- [EXERCISE OBJECTIVE]:
Print nothing except the lines of the listing below from the line with "ATLANTIC SALMON JOURNAL; Summer 1990" to the line with "Purchase Luxurious two-story", each exactly as written, both ends included.

- [INPUT FOR THIS TASK]:
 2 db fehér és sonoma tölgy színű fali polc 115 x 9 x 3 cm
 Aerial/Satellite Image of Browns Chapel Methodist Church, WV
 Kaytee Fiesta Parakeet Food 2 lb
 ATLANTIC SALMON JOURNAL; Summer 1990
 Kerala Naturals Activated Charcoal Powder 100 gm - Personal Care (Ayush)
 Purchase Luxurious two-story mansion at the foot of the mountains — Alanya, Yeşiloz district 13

--

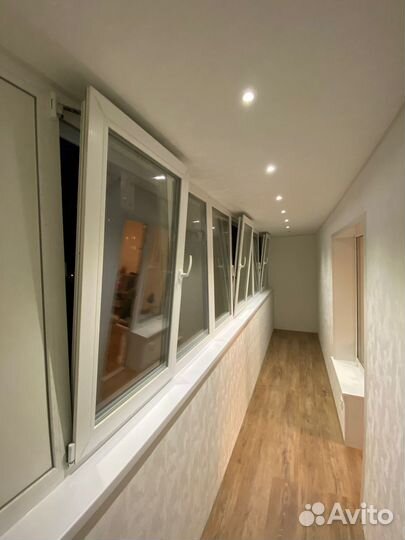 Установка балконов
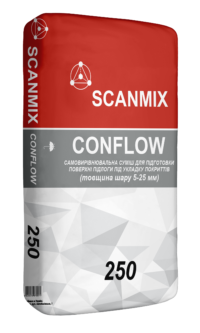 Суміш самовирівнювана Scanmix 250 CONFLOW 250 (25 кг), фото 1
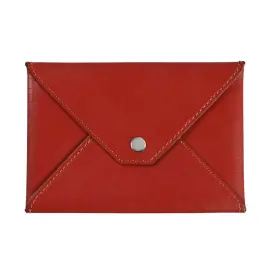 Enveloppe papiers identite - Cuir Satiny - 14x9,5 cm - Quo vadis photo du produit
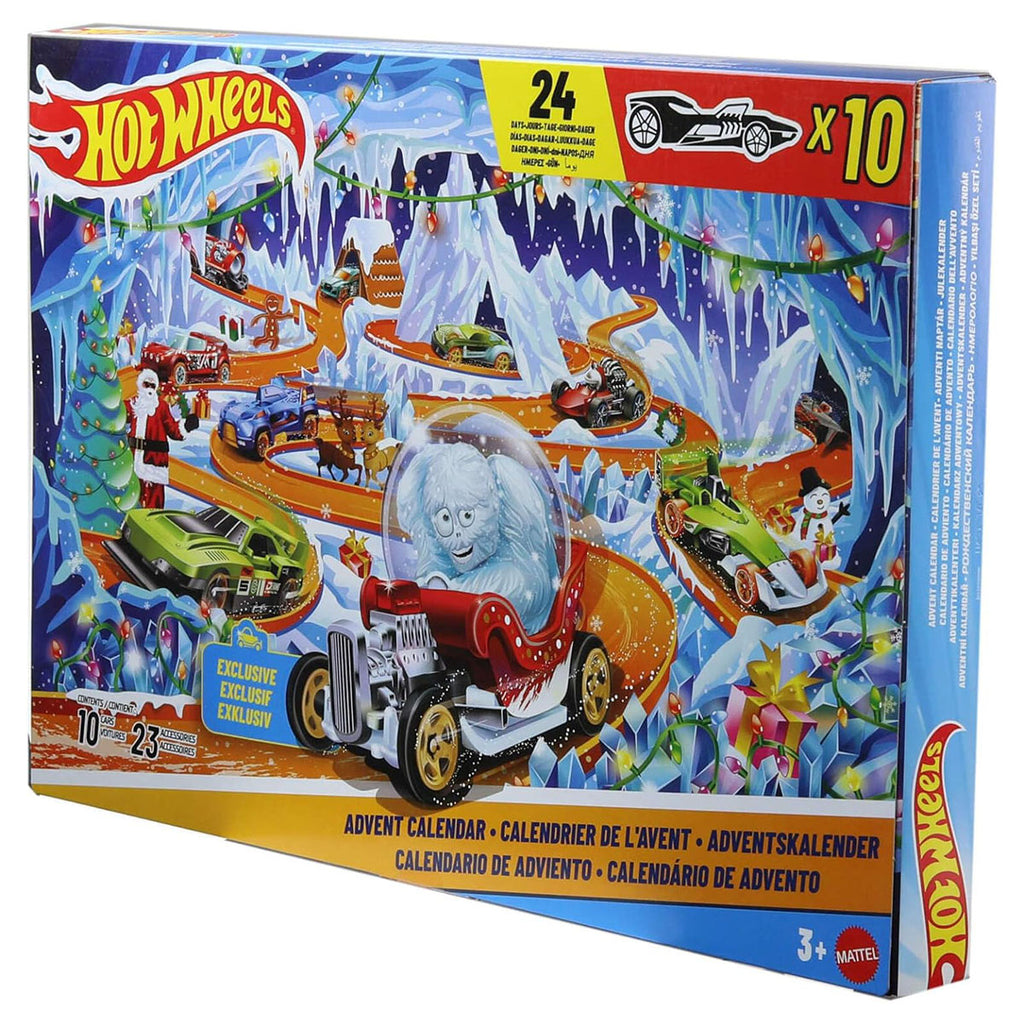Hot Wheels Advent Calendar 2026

- [RESPONSE TO THIS TASK]:
 ATLANTIC SALMON JOURNAL; Summer 1990
 Kerala Naturals Activated Charcoal Powder 100 gm - Personal Care (Ayush)
 Purchase Luxurious two-story mansion at the foot of the mountains — Alanya, Yeşiloz district 13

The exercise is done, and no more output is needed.